The Department for Education has refused to tell FE Week how many apprenticeship starts there were in April – even though the data is part of its official statistics.
Figures published in early July showed 165,600 starts in the three months from February to April – up 52,700 from the same period last year.
We wanted to know if most of this growth took place in April – the month before the levy reforms kicked in – so we lodged a Freedom of Information request with the department asking for these starts broken down by month.
But our request was turned down.
The response we received cited an FOI rule that “provides for information to be exempt from disclosure where the information is held by the department with a view to its publication by the department or any other person at some future date”.

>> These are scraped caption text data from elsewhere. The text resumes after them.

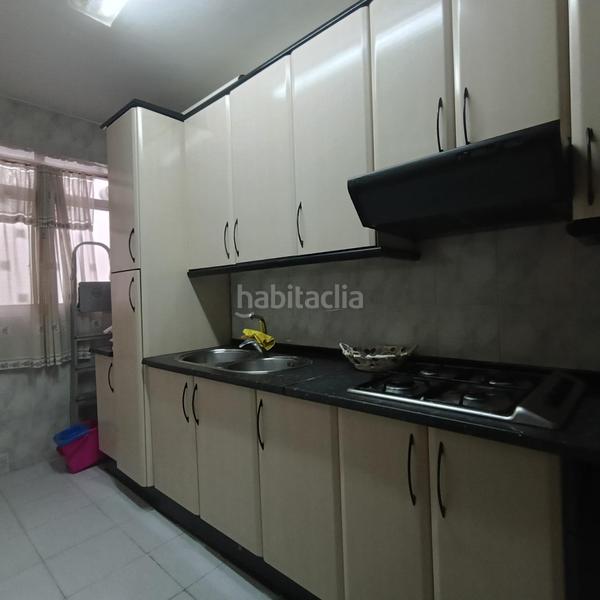 Foto a452dd0d-4e6f-42ae-adfc-c267d0c023ea. Pis amb aparcament a La Calzada - La Florida Sevilla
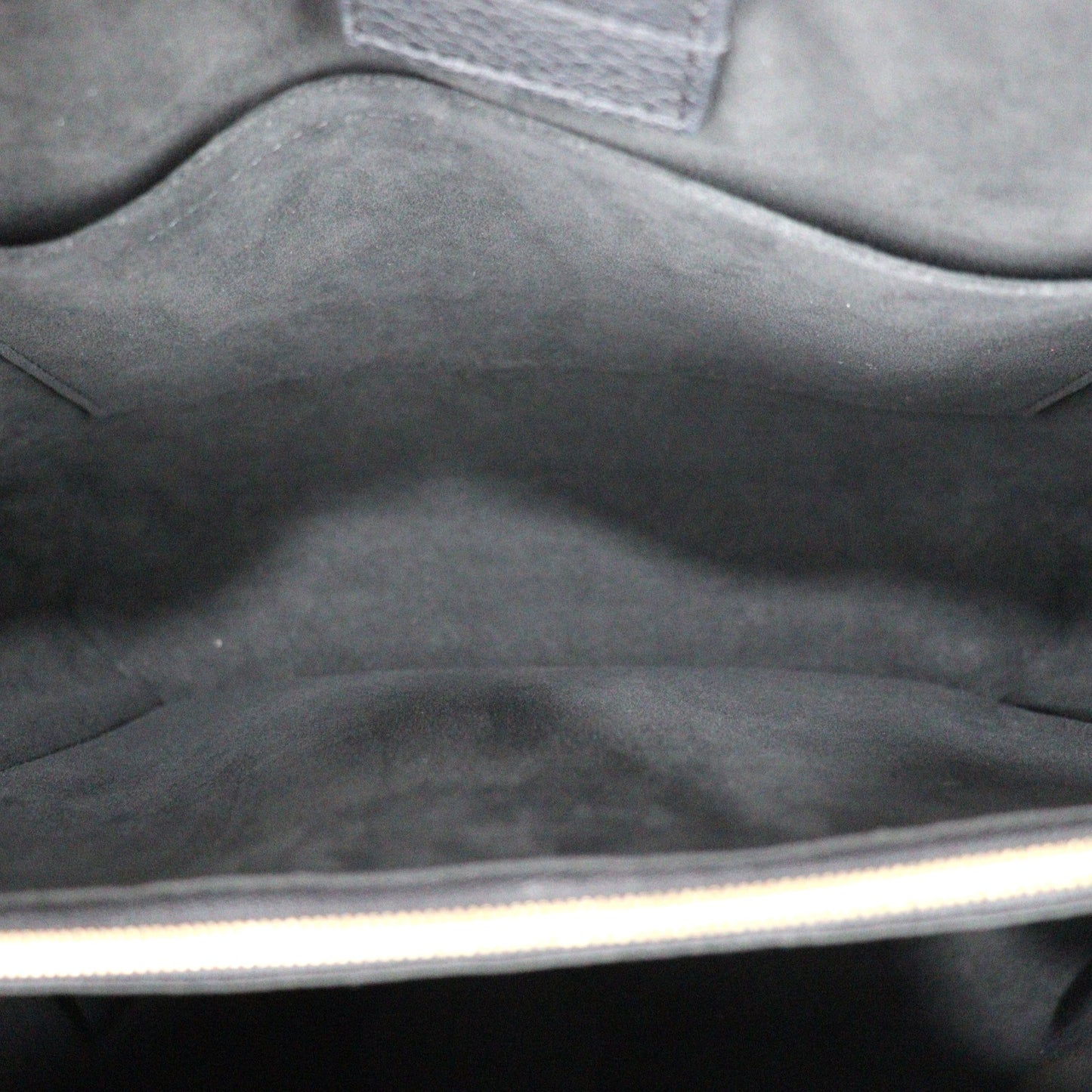 LOUIS VUITTON N40050 LV RIVERSIDE HANDBAG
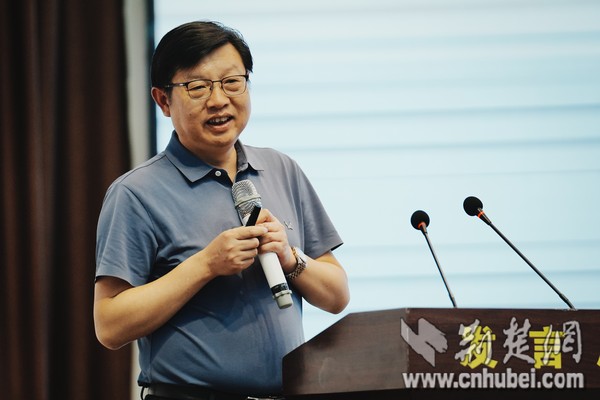 社科专家学者齐聚许家冲 共话乡村振兴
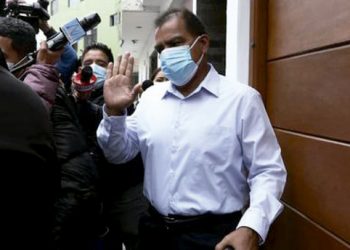 Que tal pechuga la de Luis Barranzuela que nos quiere agarrar de cholitos con argumentos poco creíbles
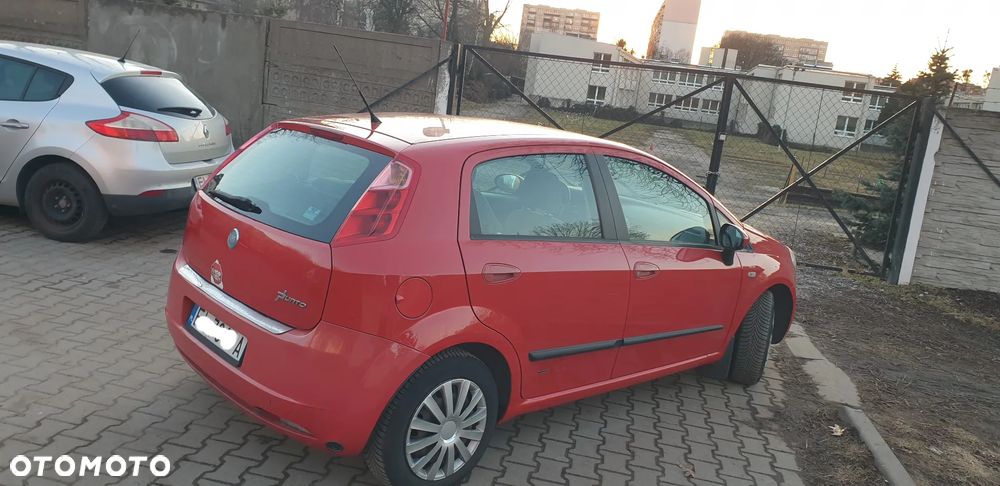 Fiat Grande Punto Actual 1.4 8V Estiva Blue&Me - 13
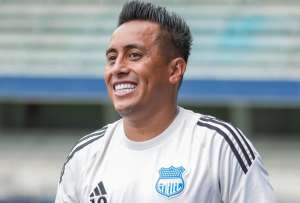 Christian Cueva super&oacute; la lesi&oacute;n y ser&aacute; titular en Emelec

It went on to say that the DfE was “undergoing a review of the further education and skills statistical first release” which it said would include consulting on “publishing monthly data on apprenticeship starts”.
But until then “it is not reasonable for the government to be expected to release piecemeal information in advance of its planned timetable”, we were told.
Changes to apprenticeship funding rules from May mean that employers who are not subject to the levy – in other words, the majority of employers – now have to make a mandatory cash contribution towards the cost of training.
As a result, FE Week understands that many employers and providers rushed to start apprentices before the end of April while the old rules – which didn’t involve employer contributions – were still in place.
We reported in June that members of the Association of Employment and Learning Providers had indicated that starts in May had plummeted to just a quarter of what they had been before the reforms kicked in.
At the time AELP boss Mark Dawe attributed the drop to a “number of pressures” including firms in some sectors “saying they are not going to contribute to 10 per cent employer funding”.
But he struck a more positive note when asked about the DfE’s refusal to reveal April starts.
“The picture we are getting from providers who asked for growth seems to be pretty positive, which should help to alleviate some of the concerns about the overall number of starts for the rest of this year,” he said.